Dossier : N° RG 22/02282 - N° Portalis DBVV-V-B7G-IJKF

Nature affaire :

Contestation du motif économique de la rupture du contrat de travail

Affaire :

[B] [U]

C/

S.A.R.L. LABORATOIRE ECCI

Grosse délivrée le

à :

RÉPUBLIQUE FRANÇAISE

AU NOM DU PEUPLE FRANÇAIS

A R R Ê T

Prononcé publiquement par mise à disposition de l'arrêt au greffe de la Cour le 20 Juin 2024, les parties en ayant été préalablement avisées dans les conditions prévues au deuxième alinéa de l'article 450 du Code de Procédure Civile.

* * * * *

APRES DÉBATS

à l'audience publique tenue le 13 Mars 2024, devant :

Madame CAUTRES-LACHAUD, Président

Madame SORONDO, Conseiller

Madame PACTEAU, Conseiller

assistées de Madame LAUBIE, Greffière.

Les magistrats du siège ayant assisté aux débats ont délibéré conformément à la loi.

dans l'affaire opposant :

APPELANT :

Monsieur [B] [U]

[Adresse 2]

[Localité 4]

Représenté par Maître SANTI de la SELARL DARMENDRAIL/SANTI, avocat au barreau de PAU

INTIMEE :

S.A.R.L. LABORATOIRE ECCI Prise en la personne de son représentant légal, domicilié en cette qualité audit siège.

[Adresse 5]

[Localité 3]

Comparante en la personne de son réprésentant légal assisté de Maître MAIRE, avocat au barreau de BORDEAUX

sur appel de la décision

en date du 27 JUIN 2022

rendue par le CONSEIL DE PRUD'HOMMES - FORMATION PARITAIRE DE PAU

RG numéro : 21/00149

EXPOSÉ du LITIGE

M. [B] [U] a été embauché, à compter du 5 août 2004, par la SARL Laboratoire ECCI, en qualité de technicien d'expertise, coefficient 400 position 3-1, suivant contrat à durée indéterminée régi par la convention collective des bureaux d'études techniques ' cabinets d'ingénieurs conseils.

Par avenant du 1er janvier 2005, il a été promu à la position de cadre position 100.

Sa rémunération brute annuelle a été portée à 30 000 euros à compter du 1er août 2008 avec, en parallèle, la mise en place d'une évolution de carrière pour lui permettre d'avoir la responsabilité du services expertises.

Le 17 novembre 2020, M. [U] a été convoqué à un entretien préalable fixé le 27 novembre 2020 à 14h30 en vue d'un licenciement collectif pour motif économique.

Par courrier du 18 décembre 2020, la société Laboratoire ECCI lui a notifié la rupture de son contrat de travail à la suite de l'acceptation par le salarié du contrat de sécurisation professionnelle le 27 novembre précédent.

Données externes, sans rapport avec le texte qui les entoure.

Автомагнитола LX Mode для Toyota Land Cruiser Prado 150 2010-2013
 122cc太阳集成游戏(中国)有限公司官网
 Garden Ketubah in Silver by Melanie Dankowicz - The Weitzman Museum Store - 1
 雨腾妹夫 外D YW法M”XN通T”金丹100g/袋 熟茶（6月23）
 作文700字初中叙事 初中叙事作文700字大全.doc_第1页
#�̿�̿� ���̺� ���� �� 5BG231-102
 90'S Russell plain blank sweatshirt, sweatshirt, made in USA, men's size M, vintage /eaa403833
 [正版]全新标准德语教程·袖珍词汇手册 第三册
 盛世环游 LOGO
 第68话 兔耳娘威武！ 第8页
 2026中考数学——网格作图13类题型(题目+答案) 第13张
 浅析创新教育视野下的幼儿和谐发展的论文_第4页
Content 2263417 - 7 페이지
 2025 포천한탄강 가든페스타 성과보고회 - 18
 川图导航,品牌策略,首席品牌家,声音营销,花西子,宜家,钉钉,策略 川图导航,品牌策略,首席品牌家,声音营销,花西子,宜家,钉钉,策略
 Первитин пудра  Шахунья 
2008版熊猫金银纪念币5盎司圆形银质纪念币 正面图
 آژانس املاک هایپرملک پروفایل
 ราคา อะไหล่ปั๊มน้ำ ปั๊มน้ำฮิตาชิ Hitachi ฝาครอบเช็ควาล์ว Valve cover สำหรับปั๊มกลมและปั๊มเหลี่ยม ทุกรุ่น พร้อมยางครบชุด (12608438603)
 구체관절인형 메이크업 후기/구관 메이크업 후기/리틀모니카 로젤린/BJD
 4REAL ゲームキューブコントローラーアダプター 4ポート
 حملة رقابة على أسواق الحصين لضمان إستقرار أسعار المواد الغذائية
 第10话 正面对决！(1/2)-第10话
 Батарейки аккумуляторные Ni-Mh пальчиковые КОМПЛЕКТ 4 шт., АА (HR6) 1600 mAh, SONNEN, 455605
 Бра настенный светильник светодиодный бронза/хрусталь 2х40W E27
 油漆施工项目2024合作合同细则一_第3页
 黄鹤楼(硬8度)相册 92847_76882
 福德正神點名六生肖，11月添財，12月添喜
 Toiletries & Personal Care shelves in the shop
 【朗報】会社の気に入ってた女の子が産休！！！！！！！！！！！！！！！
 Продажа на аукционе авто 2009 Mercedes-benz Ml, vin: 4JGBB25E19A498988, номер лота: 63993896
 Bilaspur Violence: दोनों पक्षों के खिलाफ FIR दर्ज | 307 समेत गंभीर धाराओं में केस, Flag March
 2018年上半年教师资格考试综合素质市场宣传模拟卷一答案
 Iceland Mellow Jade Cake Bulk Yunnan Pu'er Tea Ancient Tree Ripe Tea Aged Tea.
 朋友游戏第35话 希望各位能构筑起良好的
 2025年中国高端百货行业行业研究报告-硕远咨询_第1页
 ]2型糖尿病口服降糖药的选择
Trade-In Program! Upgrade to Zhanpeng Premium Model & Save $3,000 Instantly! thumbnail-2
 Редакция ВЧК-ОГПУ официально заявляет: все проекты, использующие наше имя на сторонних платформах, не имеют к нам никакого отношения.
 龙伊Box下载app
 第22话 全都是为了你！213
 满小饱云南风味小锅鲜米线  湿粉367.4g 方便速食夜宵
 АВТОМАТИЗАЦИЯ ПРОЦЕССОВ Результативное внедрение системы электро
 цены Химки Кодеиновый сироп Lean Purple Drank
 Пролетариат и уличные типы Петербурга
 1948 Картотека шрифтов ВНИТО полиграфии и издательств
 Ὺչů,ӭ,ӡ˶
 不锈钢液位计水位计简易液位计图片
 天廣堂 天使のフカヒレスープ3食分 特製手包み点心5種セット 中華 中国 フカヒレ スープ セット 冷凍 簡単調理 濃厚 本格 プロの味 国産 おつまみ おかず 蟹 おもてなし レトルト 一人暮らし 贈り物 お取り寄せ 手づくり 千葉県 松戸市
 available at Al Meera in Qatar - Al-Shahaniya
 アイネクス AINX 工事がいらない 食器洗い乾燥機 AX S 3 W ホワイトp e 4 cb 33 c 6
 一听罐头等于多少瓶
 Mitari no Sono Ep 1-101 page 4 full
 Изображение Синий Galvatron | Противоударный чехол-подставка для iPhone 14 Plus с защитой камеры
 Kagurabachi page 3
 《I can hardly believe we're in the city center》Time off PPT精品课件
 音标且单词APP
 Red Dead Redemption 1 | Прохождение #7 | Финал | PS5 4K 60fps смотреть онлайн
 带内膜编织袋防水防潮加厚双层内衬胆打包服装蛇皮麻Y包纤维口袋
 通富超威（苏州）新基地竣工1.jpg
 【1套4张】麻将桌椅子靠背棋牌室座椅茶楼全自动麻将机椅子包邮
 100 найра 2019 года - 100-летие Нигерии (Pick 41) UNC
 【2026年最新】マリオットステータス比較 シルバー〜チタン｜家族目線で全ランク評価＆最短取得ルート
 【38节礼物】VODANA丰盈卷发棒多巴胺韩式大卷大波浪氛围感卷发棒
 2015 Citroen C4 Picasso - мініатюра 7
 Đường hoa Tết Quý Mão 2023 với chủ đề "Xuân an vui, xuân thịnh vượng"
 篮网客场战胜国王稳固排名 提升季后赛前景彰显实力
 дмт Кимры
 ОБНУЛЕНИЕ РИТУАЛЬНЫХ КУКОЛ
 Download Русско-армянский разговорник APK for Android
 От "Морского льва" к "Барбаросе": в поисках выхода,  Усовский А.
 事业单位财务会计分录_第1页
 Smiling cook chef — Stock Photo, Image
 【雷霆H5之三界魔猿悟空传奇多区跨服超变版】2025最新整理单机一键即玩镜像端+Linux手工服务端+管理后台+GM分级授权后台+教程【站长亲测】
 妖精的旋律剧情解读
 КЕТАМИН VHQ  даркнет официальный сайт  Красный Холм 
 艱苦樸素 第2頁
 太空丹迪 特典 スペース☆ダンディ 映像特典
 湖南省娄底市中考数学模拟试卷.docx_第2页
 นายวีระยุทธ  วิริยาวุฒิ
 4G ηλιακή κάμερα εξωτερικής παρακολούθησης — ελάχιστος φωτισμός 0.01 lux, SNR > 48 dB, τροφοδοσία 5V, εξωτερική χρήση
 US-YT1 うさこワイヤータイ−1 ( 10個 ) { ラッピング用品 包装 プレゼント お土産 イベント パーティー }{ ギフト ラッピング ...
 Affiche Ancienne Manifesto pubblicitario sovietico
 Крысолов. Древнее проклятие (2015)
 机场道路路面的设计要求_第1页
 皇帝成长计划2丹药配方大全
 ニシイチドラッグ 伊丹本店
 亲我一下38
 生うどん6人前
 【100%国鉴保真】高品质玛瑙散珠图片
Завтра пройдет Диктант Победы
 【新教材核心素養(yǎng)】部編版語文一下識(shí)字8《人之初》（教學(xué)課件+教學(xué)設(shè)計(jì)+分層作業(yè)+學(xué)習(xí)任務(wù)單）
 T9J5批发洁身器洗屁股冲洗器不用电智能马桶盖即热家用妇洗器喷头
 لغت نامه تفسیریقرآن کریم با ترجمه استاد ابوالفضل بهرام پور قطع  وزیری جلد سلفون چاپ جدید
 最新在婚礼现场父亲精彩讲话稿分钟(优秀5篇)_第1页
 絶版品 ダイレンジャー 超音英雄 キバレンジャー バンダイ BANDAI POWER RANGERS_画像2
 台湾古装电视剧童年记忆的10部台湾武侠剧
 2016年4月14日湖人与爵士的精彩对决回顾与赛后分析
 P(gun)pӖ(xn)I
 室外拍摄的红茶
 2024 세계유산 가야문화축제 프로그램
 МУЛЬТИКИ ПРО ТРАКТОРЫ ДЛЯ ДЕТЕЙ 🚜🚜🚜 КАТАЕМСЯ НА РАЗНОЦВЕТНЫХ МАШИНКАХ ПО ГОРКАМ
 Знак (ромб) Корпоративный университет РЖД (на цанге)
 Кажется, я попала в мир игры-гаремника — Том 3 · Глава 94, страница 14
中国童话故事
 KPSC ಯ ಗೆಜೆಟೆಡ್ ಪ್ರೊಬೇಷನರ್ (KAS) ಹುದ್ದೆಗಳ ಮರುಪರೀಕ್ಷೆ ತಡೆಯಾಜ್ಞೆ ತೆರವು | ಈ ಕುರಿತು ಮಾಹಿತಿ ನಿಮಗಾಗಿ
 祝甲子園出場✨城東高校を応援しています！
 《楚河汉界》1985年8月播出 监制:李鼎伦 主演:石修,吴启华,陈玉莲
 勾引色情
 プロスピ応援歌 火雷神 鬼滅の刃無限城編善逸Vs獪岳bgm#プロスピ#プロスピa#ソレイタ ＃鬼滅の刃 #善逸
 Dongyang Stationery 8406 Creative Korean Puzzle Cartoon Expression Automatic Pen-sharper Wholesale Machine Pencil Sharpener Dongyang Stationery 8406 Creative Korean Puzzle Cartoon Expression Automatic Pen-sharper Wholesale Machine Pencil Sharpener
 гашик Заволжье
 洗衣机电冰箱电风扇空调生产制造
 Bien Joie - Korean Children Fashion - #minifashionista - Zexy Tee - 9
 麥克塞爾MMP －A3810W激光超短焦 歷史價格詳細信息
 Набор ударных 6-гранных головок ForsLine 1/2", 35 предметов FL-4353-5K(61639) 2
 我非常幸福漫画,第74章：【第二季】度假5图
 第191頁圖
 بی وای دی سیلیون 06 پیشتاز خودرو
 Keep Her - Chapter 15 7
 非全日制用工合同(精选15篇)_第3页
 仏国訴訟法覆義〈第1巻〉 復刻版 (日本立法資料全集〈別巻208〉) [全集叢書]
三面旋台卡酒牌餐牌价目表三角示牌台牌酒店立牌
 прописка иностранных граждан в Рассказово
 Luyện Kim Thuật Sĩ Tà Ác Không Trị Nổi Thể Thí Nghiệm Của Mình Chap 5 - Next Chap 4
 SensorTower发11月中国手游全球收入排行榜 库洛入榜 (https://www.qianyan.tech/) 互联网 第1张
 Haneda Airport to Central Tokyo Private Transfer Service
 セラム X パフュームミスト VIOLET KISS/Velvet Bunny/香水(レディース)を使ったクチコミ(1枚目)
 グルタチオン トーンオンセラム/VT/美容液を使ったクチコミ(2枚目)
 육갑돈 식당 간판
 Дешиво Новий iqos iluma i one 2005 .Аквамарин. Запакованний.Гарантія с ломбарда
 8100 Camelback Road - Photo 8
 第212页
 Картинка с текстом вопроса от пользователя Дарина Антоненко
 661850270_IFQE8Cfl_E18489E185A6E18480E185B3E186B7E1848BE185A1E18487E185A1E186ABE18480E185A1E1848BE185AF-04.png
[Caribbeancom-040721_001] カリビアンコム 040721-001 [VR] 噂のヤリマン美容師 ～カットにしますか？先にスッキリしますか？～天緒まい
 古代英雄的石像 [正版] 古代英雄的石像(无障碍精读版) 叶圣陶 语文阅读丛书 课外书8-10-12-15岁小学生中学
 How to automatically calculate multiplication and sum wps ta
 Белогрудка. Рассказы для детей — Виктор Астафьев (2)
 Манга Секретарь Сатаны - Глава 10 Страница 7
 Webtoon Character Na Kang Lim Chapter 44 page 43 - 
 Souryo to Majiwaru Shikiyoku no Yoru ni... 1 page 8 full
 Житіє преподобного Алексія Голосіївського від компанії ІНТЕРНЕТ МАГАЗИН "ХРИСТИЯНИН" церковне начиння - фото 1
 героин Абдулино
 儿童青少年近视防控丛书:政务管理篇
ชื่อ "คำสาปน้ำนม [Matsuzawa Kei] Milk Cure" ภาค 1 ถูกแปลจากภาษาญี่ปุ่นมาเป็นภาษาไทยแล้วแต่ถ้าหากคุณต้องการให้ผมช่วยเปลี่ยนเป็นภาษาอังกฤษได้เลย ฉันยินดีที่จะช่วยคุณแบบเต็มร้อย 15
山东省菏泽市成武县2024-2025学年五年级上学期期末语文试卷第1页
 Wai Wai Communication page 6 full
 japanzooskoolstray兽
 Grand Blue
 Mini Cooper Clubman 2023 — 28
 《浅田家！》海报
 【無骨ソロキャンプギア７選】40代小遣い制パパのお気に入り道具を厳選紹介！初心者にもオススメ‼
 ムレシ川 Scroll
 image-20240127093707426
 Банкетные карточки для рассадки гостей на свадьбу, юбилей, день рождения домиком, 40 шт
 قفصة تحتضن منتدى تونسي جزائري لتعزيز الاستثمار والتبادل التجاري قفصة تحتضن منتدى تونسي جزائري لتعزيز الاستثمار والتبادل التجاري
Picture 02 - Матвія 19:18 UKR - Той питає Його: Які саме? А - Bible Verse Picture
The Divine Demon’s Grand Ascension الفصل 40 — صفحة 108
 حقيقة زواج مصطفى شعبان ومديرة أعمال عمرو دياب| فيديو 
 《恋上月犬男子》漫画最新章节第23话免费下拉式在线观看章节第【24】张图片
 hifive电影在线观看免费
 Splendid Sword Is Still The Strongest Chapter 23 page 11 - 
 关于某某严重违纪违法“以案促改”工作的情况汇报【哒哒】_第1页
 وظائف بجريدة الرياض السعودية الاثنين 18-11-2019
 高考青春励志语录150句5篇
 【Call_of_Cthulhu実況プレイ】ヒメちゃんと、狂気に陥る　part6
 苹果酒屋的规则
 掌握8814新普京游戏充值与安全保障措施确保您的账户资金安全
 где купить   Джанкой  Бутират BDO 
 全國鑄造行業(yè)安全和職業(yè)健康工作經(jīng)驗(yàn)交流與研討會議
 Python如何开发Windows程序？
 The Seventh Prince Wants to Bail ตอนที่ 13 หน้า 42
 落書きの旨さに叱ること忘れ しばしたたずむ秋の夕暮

La rupture est intervenue au motif d'une réorganisation de l'entreprise pour augmenter sa performance.

Le 7 mai 2021, M. [B] [U] a saisi la juridiction prud'homale au fond en contestation de son licenciement.

Par jugement du 27 juin 2022, le conseil de prud'hommes de Pau a :

- Dit que la société Laboratoire ECCI n'a commis aucune faute au cours de la procédure de licenciement pour motif économique de M. [B] [U],

- Dit que le licenciement pour motif économique de M. [B] [U] est fondé sur des causes réelles et sérieuses, et que les critères d'ordre ont été respectés,

- Débouté M. [B] [U] de l'ensemble de ses demandes, fins et conclusions,

- Débouté la société Laboratoire ECCI de ses demandes reconventionnelles,

- Condamné M. [B] [U] à verser à la société Laboratoire ECCI la somme de 1000 euros au titre de l'article 700 du code de procédure civile.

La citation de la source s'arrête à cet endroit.